Han transcurrido muchos años de aquella relación y aún sigo pensando en que Emmanuel me veía como uno de los eunucos de su corte. Esto porque tanto sus clones como los beneficiarios del poder me tacharon de joto, apreciación fomentada por los excesos de confianza de Cordero hacia mi. Me encargaba a Irene en situaciones muy comprometedoras y yo fui discreto en exceso empeñado en demostrar que respetaba aquella relación republicana, como la catalogaba Cordero. Ello me ganó el sambenito que prevaleció hasta que alguien tuvo a bien inventarme una relación con la asistente de Irene, una fémina de nombre Isabel Coss, mejor conocida como “Canal Dos”, mote que le puso el Presidente porque, dijo, había un gran parecido entre ella y la licenciada Walter. No obstante hubo quienes me mantuvieron en los terrenos del tercer sexo hasta que se enteraron de mi relación con otra de las mujeres —también amiga de Irene—. Gracias pues a mis romances, recuperé el prestigio de macho y, como ya lo apunté, el mandatario del país se abrió de capa. Penélope Llanini se llamaba la querendona y participativa señora motivada por las bromas de Irene en torno al “sacrificio” sexual: “Es por la causa”, la retaba. Y ella, Penélope, sonreía. Así estuvimos hasta que un día esta dama tuvo la maravillosa idea de compartirme sus fluidos.
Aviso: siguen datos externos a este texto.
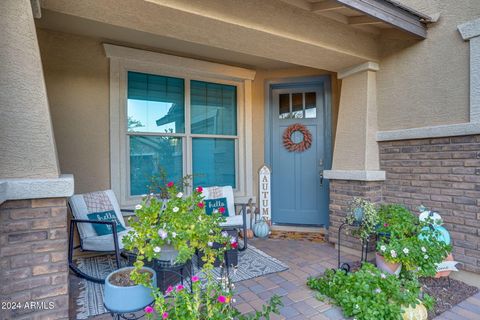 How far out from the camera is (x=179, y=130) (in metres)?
3.60

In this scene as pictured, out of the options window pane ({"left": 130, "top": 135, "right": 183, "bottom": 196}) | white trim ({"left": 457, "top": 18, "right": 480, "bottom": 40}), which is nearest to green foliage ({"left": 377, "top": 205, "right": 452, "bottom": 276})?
white trim ({"left": 457, "top": 18, "right": 480, "bottom": 40})

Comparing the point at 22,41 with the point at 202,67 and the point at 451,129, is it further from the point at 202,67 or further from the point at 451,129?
the point at 451,129

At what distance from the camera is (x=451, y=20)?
2.53 meters

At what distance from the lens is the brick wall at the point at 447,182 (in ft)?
7.82

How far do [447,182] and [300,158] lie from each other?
187 centimetres

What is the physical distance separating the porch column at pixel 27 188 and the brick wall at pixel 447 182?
304 cm

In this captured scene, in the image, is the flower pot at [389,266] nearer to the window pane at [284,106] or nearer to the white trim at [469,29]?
the white trim at [469,29]

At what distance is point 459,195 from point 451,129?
1.97 feet

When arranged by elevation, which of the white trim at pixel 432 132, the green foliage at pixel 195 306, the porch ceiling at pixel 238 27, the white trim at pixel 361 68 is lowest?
the green foliage at pixel 195 306

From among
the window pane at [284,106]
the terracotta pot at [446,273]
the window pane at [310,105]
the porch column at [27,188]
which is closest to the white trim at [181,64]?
the window pane at [284,106]

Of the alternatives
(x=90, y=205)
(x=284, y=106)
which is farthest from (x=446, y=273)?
(x=90, y=205)

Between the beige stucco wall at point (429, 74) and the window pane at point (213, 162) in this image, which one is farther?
the window pane at point (213, 162)

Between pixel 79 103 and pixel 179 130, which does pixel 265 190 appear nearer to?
pixel 179 130

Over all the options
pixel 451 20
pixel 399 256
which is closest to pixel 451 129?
pixel 451 20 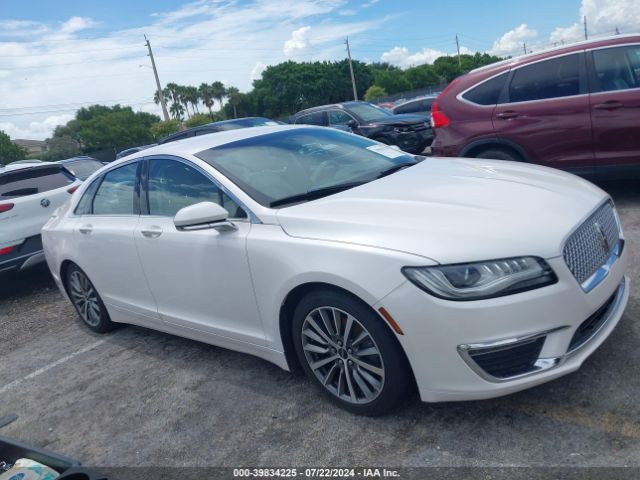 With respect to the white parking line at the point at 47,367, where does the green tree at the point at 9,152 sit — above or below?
above

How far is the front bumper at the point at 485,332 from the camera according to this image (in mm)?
2514

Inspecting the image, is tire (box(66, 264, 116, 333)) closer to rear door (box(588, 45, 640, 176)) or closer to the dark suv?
rear door (box(588, 45, 640, 176))

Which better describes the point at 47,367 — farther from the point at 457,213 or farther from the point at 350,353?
the point at 457,213

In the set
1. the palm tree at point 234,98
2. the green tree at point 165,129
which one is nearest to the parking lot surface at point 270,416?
the green tree at point 165,129

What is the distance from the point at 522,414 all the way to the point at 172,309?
7.78 ft

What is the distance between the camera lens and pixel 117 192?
15.0ft

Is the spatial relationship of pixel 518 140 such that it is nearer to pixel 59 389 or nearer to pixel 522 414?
pixel 522 414

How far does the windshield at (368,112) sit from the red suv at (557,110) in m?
5.73

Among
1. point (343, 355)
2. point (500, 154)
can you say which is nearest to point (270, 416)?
point (343, 355)

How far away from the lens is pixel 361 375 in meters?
2.99

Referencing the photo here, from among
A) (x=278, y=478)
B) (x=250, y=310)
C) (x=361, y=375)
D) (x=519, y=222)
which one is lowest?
(x=278, y=478)

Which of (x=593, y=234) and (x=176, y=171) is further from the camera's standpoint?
(x=176, y=171)

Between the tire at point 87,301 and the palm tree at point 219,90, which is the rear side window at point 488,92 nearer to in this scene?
the tire at point 87,301

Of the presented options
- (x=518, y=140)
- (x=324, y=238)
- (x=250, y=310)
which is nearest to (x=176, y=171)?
(x=250, y=310) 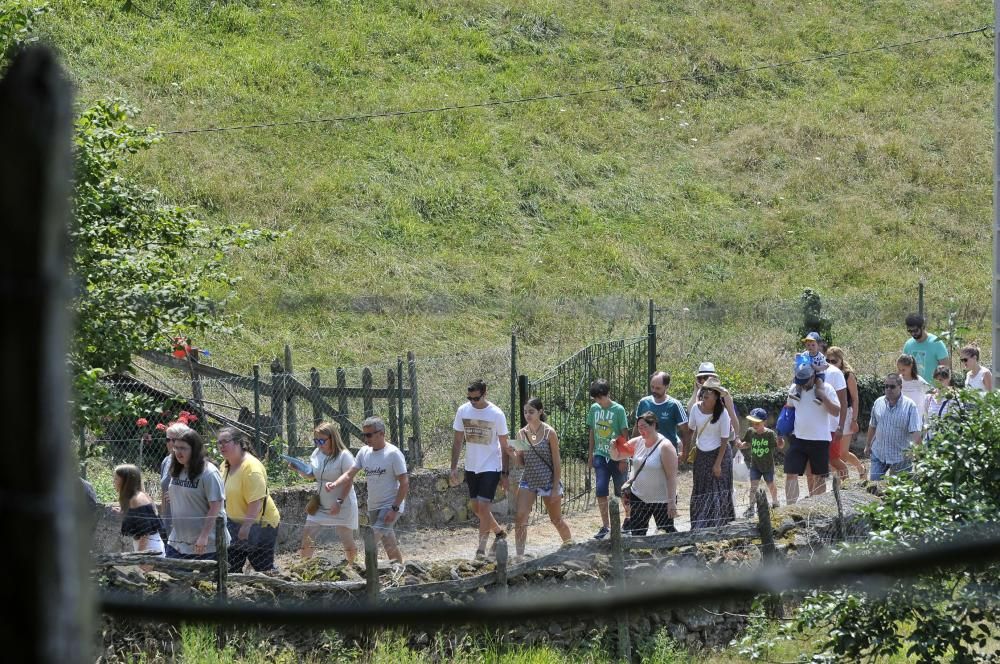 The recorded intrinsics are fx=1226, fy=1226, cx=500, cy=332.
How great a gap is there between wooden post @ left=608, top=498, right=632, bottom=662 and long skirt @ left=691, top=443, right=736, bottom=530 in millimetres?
1072

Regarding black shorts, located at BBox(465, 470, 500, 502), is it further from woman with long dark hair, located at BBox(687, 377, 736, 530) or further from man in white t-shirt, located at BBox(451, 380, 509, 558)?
woman with long dark hair, located at BBox(687, 377, 736, 530)

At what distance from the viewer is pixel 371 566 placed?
7.94m

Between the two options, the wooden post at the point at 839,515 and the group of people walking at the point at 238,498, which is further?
the wooden post at the point at 839,515

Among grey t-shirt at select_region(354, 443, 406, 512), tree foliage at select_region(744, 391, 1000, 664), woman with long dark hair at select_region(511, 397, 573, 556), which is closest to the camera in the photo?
tree foliage at select_region(744, 391, 1000, 664)

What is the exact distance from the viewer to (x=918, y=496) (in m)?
6.86

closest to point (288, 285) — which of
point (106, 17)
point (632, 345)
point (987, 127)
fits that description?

Para no concitar el celo presidencial la hice de bufón y apechugué mis frustraciones y temores. Nunca me expuse a las reprimendas de quien ejercía el poder. Respondí con solvencia a las demandas impuestas por el sistema político que padecemos. Fui feliz a pesar de la castidad selectiva (el sexo con Irene era de alto riesgo), veda que resultó aleccionadora porque me permitió entender las causas que provocan el carácter colérico y hasta desvariado de los curas atrapados en el celibato. No obstante el temor hacia quien representaba el poder de la República, hubo ocasiones en que la pasión se impuso a la lealtad, debilidad que me hizo sentir que era yo el traidor más ruin de la Corte cuando, en medio de nuestras borracheras de licor y de placer, Irene y yo nos portamos como adolescentes irresponsables, remordimientos que atemperamos con promesas imposibles de cumplir; una de éstas: no volver a tocar el tema y simular que nada había pasado.

Aquel absurdo propósito se convirtió en una tortura silenciosa, igual a la que deben haber tenido quienes se atrevieron a violar los candados del cinturón de castidad que los caballeros cruzados colocaban a sus mujeres (“No digas nada ni siquiera al cura confesor”). Recapacitábamos sobre este absurdo arreglo —el del silencio—, e Irene Walter decía que era otro de los pecados originales de los políticos. Lo curioso fue que hablar de ello nos resultó irresponsablemente divertido porque siempre concluíamos que no era una falta sino el tropiezo que reforzaba la lealtad a la institución presidencial. Y que, además, esos cortejos sexuales nos permitían ampliar nuestro conocimiento sobre los obstáculos que la moralidad impone al poder. En todo esto fui un crédulo y por ende fácil víctima de la testosterona. Las siguientes páginas muestran los porqués.

Como suele ocurrir en este tipo de aventuras, pasado el tiempo surgió el inconveniente: la casualidad me mostró la verdadera personalidad de Irene Walter, actitud que había permanecido oculta detrás de la máscara de la amistad, mentira que ella diseñó con la habilidad propia de los grandes chapuceros. Yo le creí porque, además de los atractivos de su cuerpo que parecía esculpido por la madre naturaleza en uno de sus mejores momentos, me embobó la tesitura de su voz cachonda, vibraciones que incidían en mis neuronas restándoles algunas de las funciones del raciocinio.